Repeat every record exactly, omitting the pictures.

──────

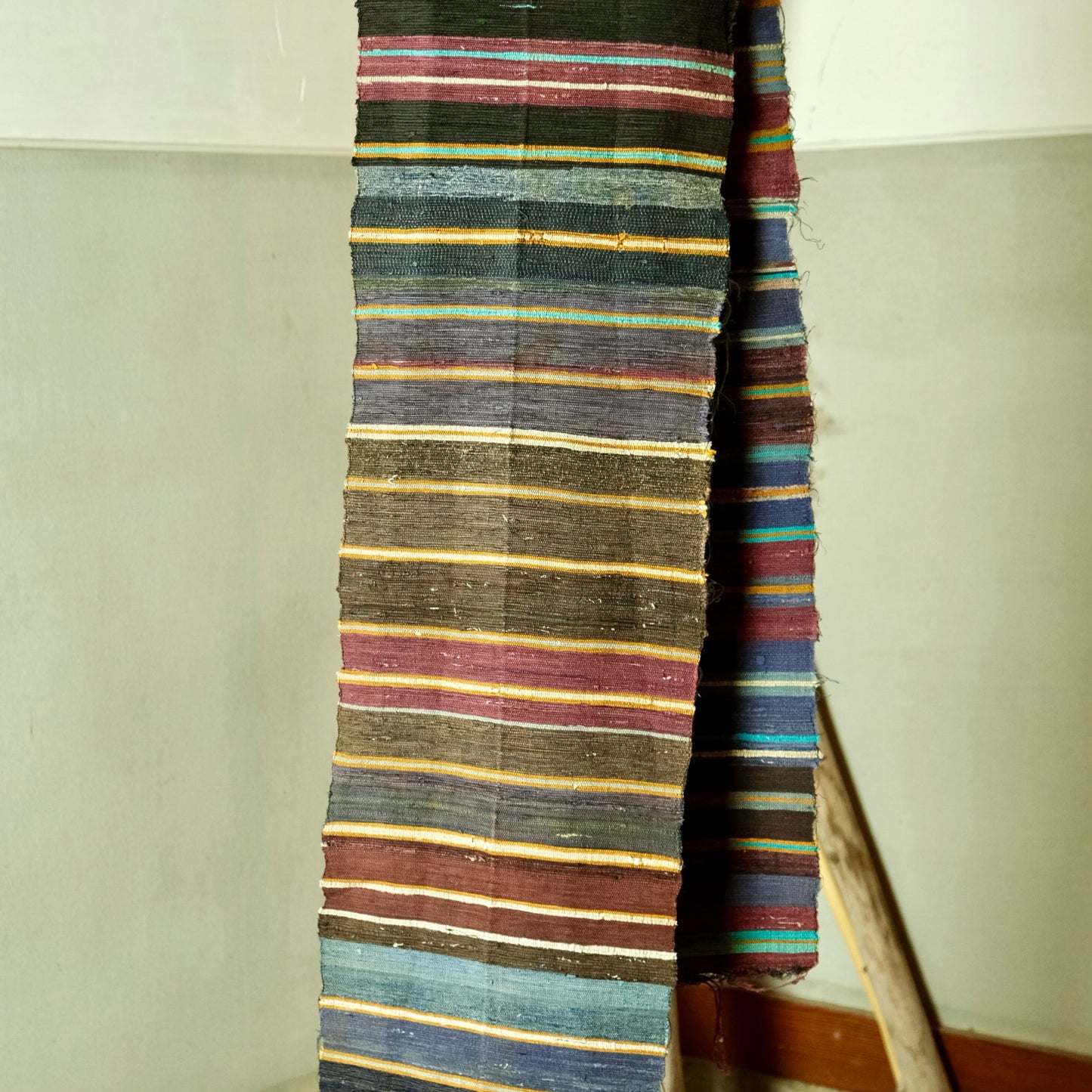 Vintage Japanese silk Sakiori super long rug textile art table runner bet runner(b-54)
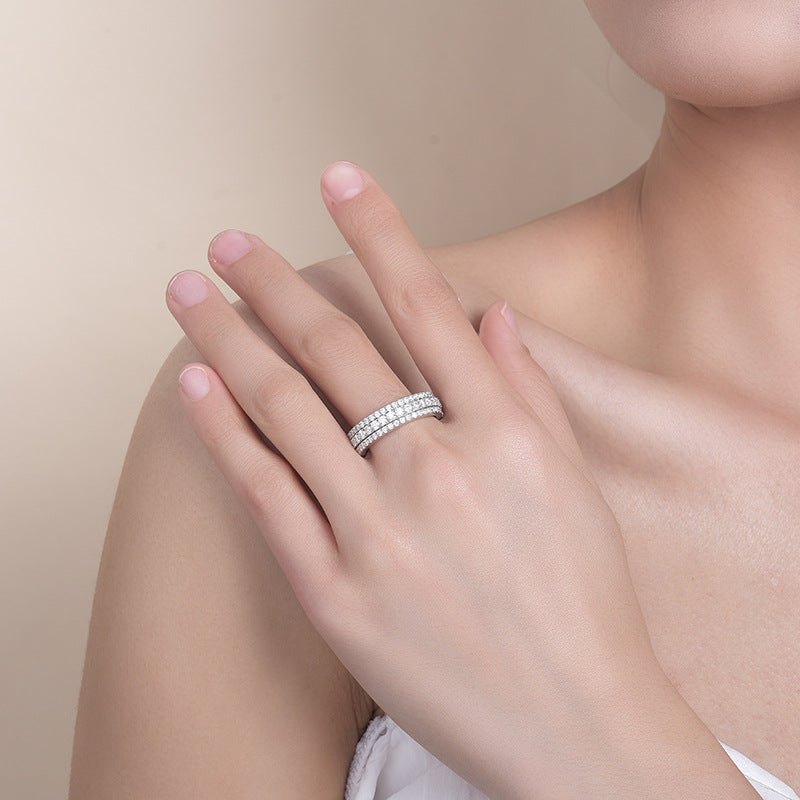 Moissanite Triple-Row Rotating Ring, S925 Silver 18K Gold Plated Unisex Band product image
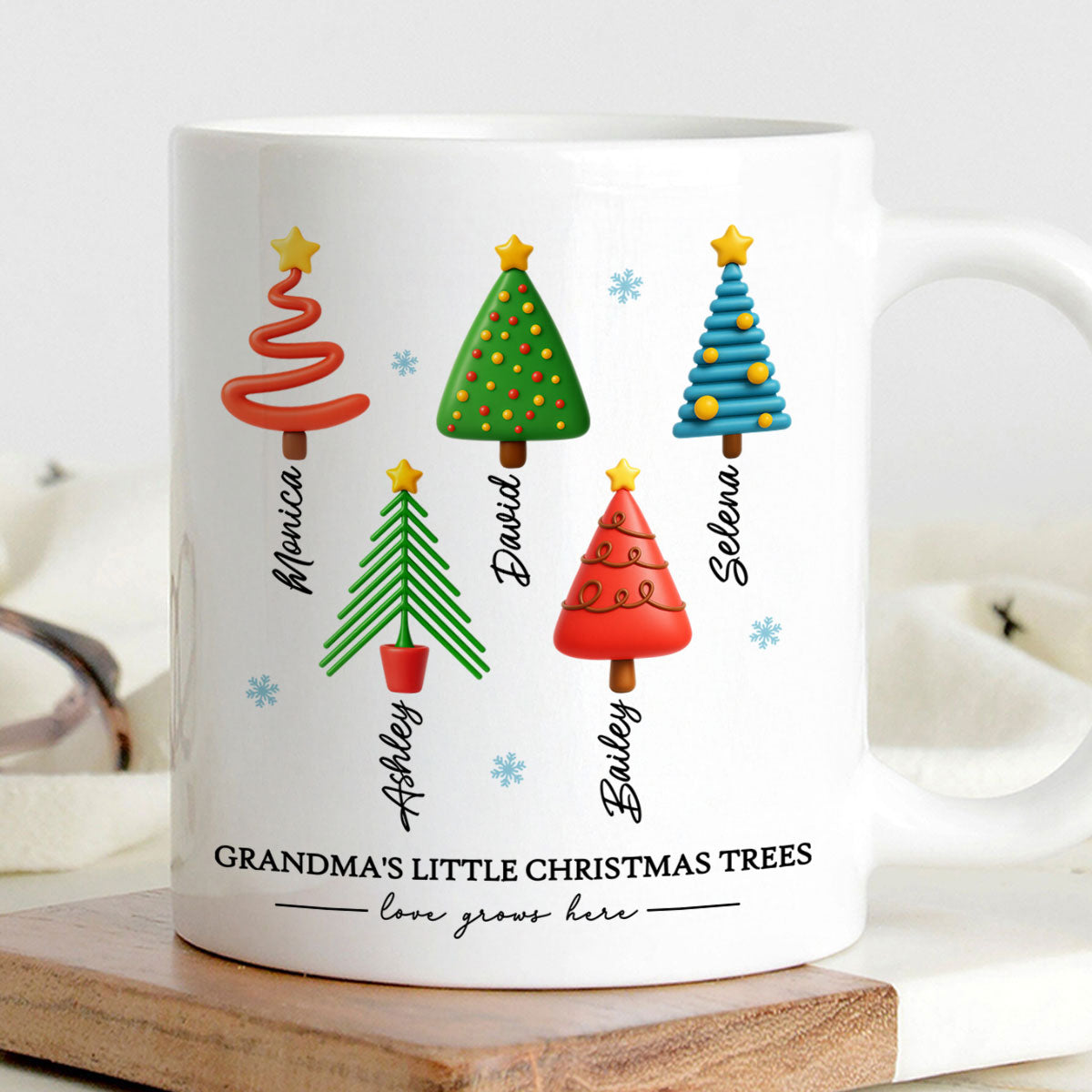 Grandma's Little Christmas Trees - Personalized Mug - Unique Christmas Gift For Grandma, Grandkids, Family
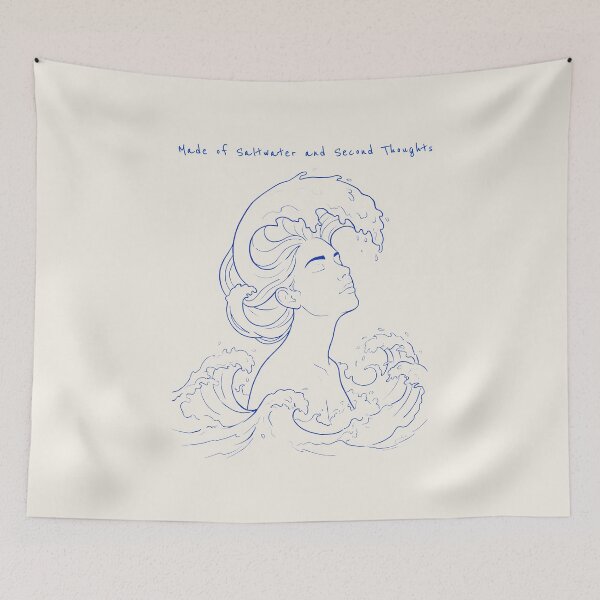 Item preview, Made of Saltwater and Second Thoughts | Ocean Soul Aesthetic Line Art designed and sold by Lumi-Bloom.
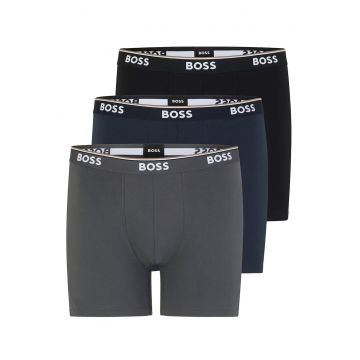 Set de boxeri cu banda logo in talie - 3 perechi - Negru/Albastru inchis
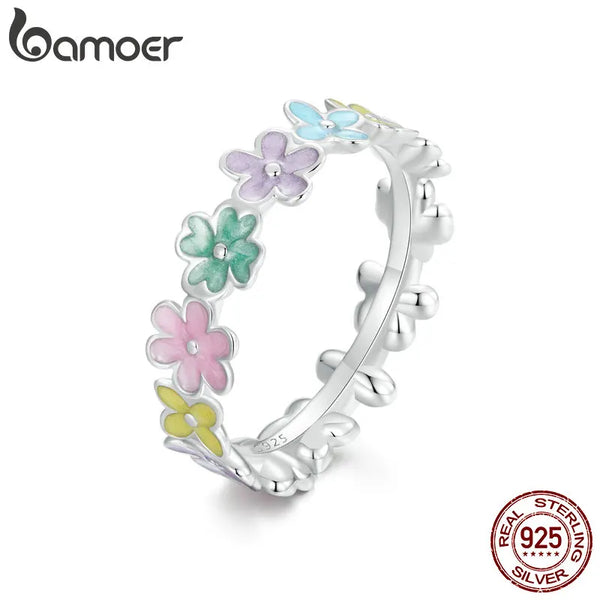 925 Sterling Silver Multi-color Enamel Mini Flower Ring for Women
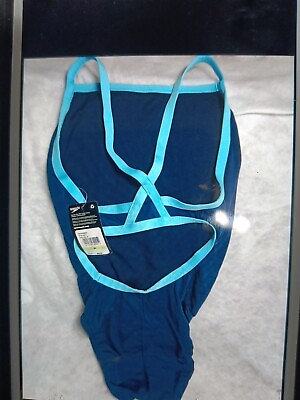 #ad SPEEDO One Piece Swimsuit Womens 6 30 Blue Black NEW NWOT Swim Suit $24.97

──────

**Exercise answer**
 Vintage Japanese silk Sakiori super long rug textile art table runner bet runner(b-54)
 Moissanite Triple-Row Rotating Ring, S925 Silver 18K Gold Plated Unisex Band product image
 Grandma's Little Christmas Trees - Personalized Mug - Unique Christmas Gift For Grandma, Grandkids, Family
 Item preview, Made of Saltwater and Second Thoughts | Ocean Soul Aesthetic Line Art designed and sold by Lumi-Bloom.
 Set de boxeri cu banda logo in talie - 3 perechi - Negru/Albastru inchis
 925 Sterling Silver Multi-color Enamel Mini Flower Ring for Women
 #ad SPEEDO One Piece Swimsuit Womens 6 30 Blue Black NEW NWOT Swim Suit $24.97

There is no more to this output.